Required action: The copy you print must match the listing exactly, with its pictures removed.

═══ Dataset entries

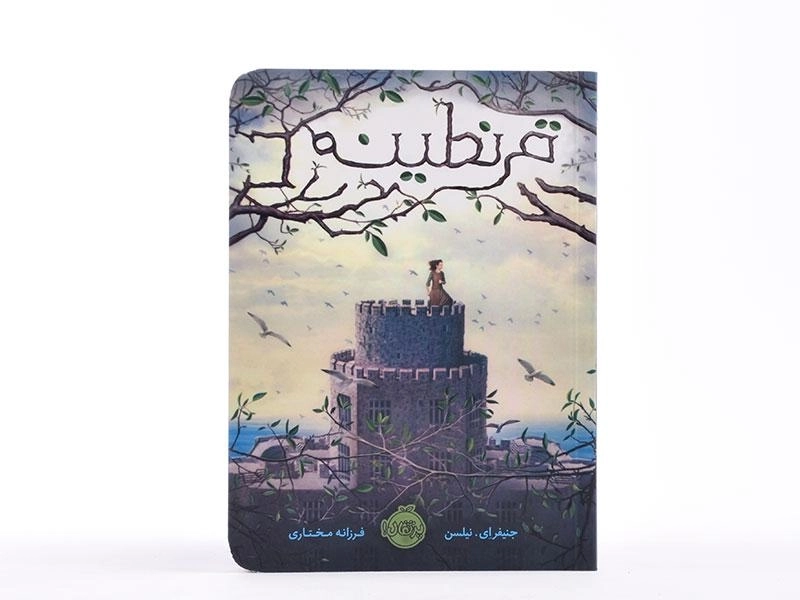 کتاب قرنطینه - پرتقال - 2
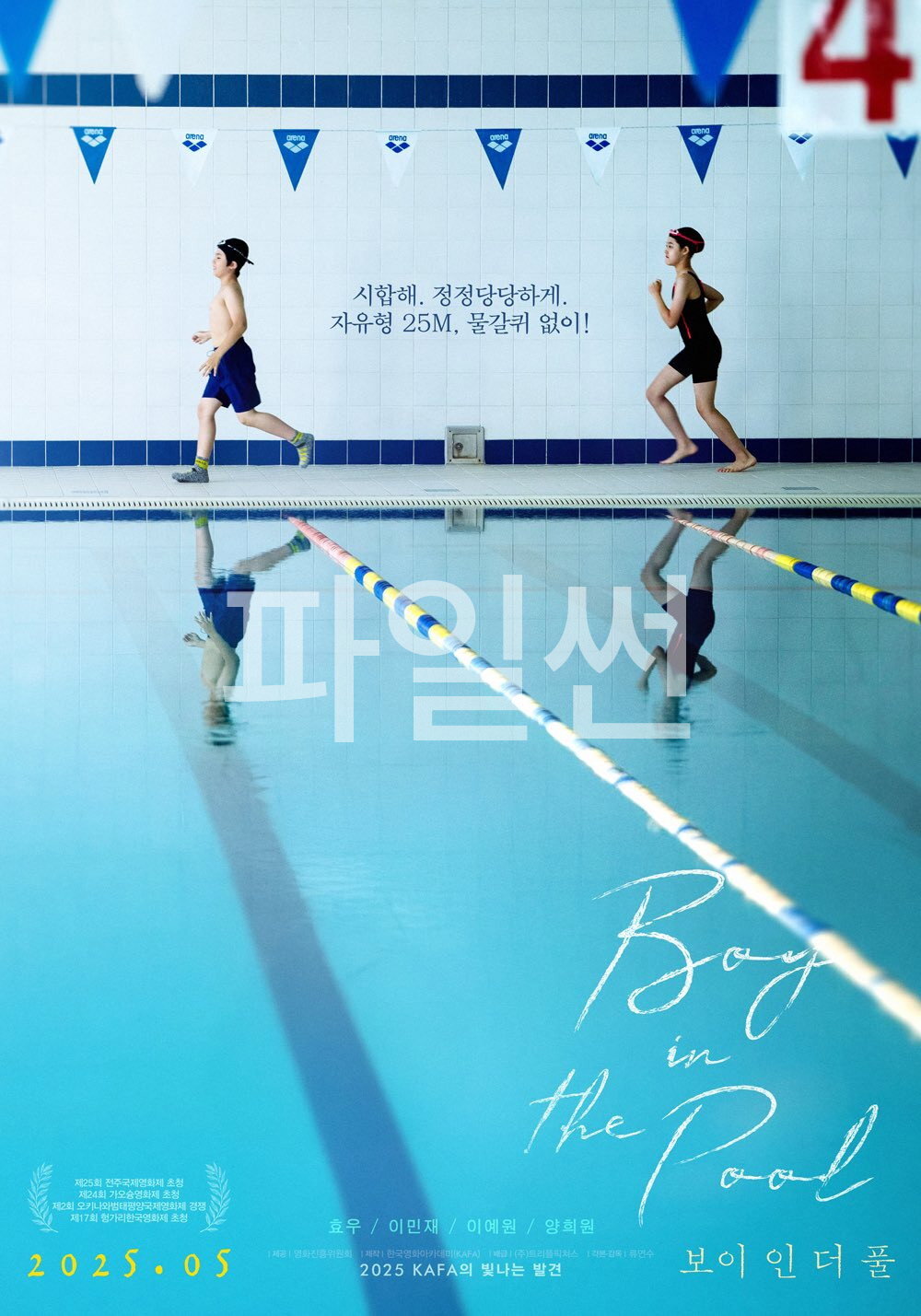 보이 인 더 풀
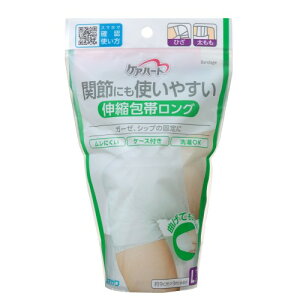 �P�A�n�[�g �֐߂ɂ��g���₷���L�k��у����O �Ђ��A�������p L�T�C�Y��9cm×9m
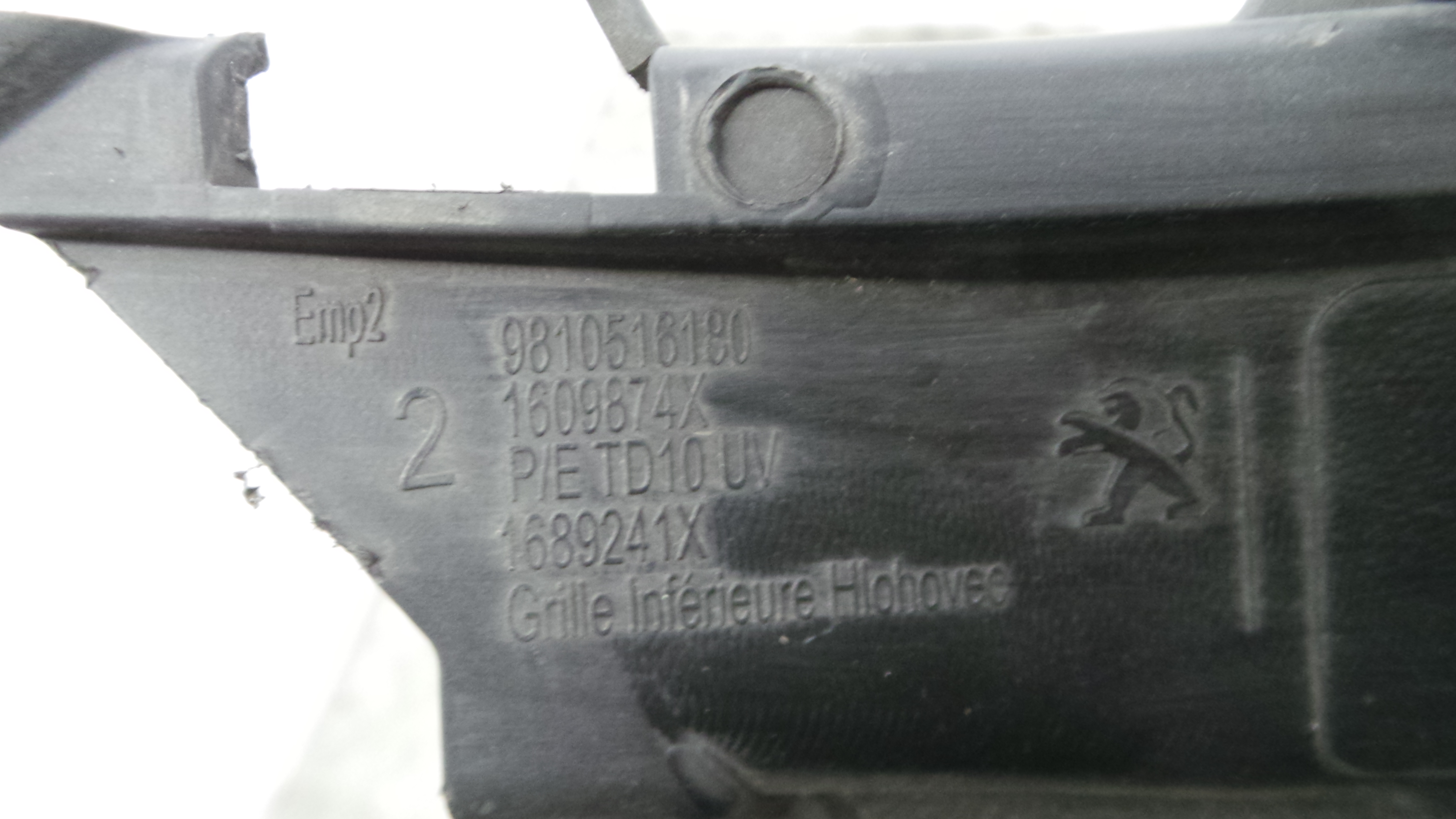 Grelha do Pára-Choques da Frente 9810516180 - PEUGEOT 208 I (CA_, CC_)-36692260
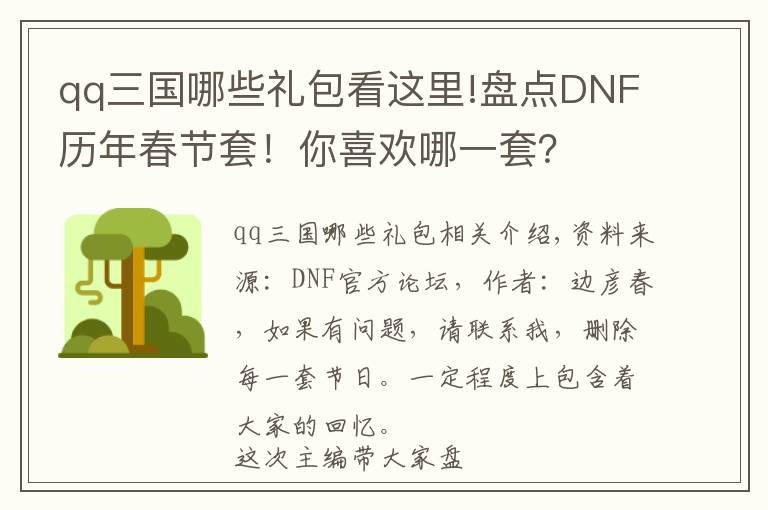 qq三國哪些禮包看這里!盤點DNF歷年春節(jié)套！你喜歡哪一套？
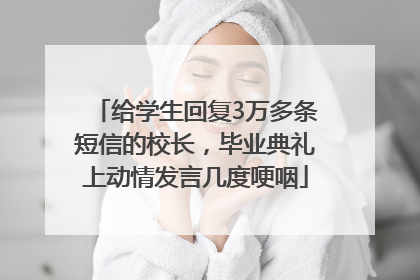 给学生回复3万多条短信的校长，毕业典礼上动情发言几度哽咽
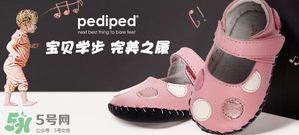 Pediped是什么牌子？Pediped是哪個國家的品牌？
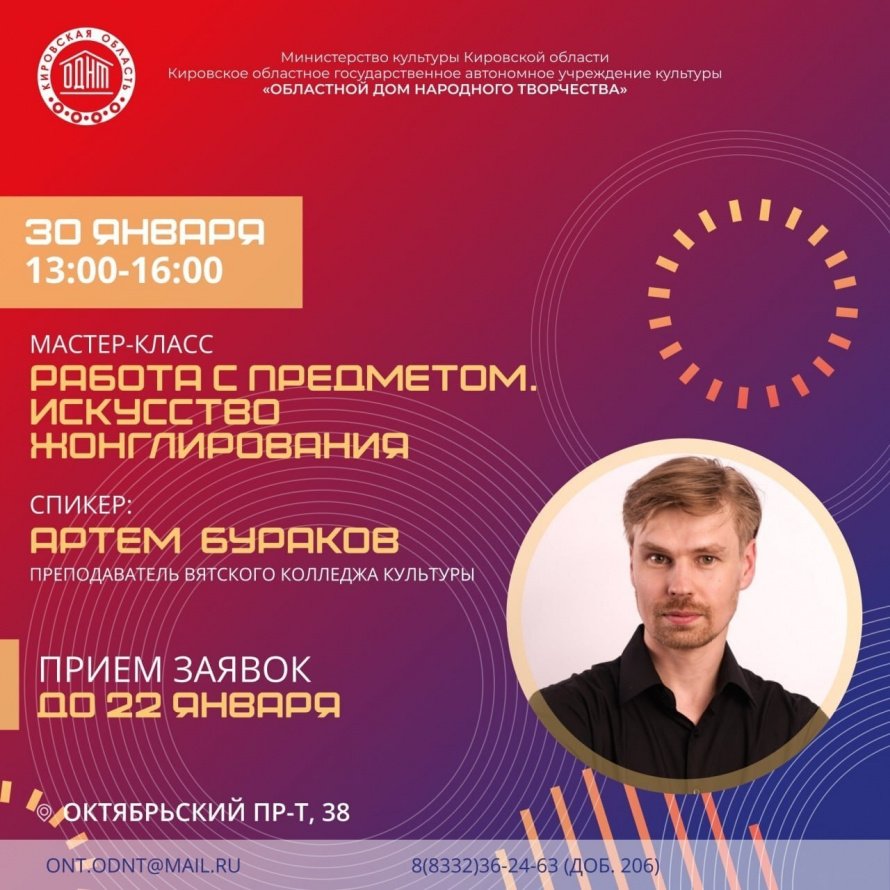 Мастер-класс «Работа с предметом. Искусство жонглирования»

══════

Written solution:
 کتاب قرنطینه - پرتقال - 2
 보이 인 더 풀
 �P�A�n�[�g �֐߂ɂ��g���₷���L�k��у����O �Ђ��A�������p L�T�C�Y��9cm×9m
 Grelha do Pára-Choques da Frente 9810516180 - PEUGEOT 208 I (CA_, CC_)-36692260
 qq三國哪些禮包看這里!盤點DNF歷年春節(jié)套！你喜歡哪一套？
 给学生回复3万多条短信的校长，毕业典礼上动情发言几度哽咽
 Pediped是什么牌子？Pediped是哪個國家的品牌？
 Мастер-класс «Работа с предметом. Искусство жонглирования»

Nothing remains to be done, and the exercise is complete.